Skip to main content

USDA to Present New Steps to Prevent Food Tampering

WASHINGTON - Agriculture Secretary Ann Veneman is expected today to urge U.S. meat, poultry and egg plants to seal shipments and take other steps to protect the nation's food supply from deliberate contamination, Reuters reports.

The department has prepared six pages of food safety guidelines telling plants how they should manage their security, production, workers, transportation and storage.

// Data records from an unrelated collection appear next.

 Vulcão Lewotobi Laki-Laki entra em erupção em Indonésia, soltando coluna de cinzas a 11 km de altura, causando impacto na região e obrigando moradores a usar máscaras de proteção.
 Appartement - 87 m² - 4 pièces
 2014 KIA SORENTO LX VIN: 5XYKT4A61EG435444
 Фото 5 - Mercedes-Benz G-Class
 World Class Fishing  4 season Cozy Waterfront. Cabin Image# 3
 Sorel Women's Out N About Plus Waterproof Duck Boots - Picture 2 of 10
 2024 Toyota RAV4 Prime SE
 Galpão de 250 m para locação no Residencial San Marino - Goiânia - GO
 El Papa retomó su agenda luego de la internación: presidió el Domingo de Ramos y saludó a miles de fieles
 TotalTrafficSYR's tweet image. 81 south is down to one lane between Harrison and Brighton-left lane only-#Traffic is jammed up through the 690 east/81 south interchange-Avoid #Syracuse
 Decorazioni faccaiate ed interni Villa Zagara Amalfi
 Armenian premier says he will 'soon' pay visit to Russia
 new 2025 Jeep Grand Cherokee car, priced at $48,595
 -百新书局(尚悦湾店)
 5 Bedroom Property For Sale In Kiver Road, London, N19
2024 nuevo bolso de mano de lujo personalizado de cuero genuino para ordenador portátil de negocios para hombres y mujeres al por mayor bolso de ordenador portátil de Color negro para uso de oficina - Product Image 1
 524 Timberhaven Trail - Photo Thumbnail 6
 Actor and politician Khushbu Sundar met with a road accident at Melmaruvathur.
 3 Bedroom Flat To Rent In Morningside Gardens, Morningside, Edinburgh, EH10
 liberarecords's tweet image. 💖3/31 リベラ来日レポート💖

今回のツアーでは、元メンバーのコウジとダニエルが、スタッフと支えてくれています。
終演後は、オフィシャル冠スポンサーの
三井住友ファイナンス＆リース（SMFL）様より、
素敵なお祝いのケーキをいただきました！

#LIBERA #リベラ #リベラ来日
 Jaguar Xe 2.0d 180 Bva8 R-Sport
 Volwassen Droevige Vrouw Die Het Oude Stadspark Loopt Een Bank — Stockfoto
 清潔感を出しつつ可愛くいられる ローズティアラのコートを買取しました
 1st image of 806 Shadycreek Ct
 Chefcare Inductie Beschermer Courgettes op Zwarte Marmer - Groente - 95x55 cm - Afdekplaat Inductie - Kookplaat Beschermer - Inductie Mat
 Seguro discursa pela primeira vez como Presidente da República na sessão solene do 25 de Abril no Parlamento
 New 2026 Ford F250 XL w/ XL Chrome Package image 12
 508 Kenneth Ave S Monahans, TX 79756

Although the guidelines will likely be given to all the department's meat inspectors, they are not mandatory, according to Reuters.

USDA said Veneman will also detail how the agency plans to use the $328 million recently appropriated by Congress to improve food and farm safety.

The USDA guidelines urged food companies to:

-- Seal all outgoing food shipments with tamper-proof, numbered seals that are included on the shipping documents.

-- Create a food security management team and coordinator for each plant or company.

-- Develop a plan for notifying the police of threats, responding to actual product tampering and evacuating a facility if necessary.

-- Conduct food security drills periodically.

-- Adopt procedures to trace the source of all raw materials, and to trace the delivery points of all finished products.

-- Use guards, alarms, cameras or other security hardware on doors, windows, roof openings, railcars, bulk storage tanks and trailers.

-- Maintain a current list of plant workers with access to the building.

-- Control entry to a plant by requiring photo IDs and sign-in procedures.

-- Prepare a daily inventory of hazardous chemicals at the plant and investigate any missing items immediately.

In other news, Secretary Veneman on Wednesday ruled out allowing meat to be labeled as grown in North America if it is produced in Canada, Mexico or the United States, according to Reuters.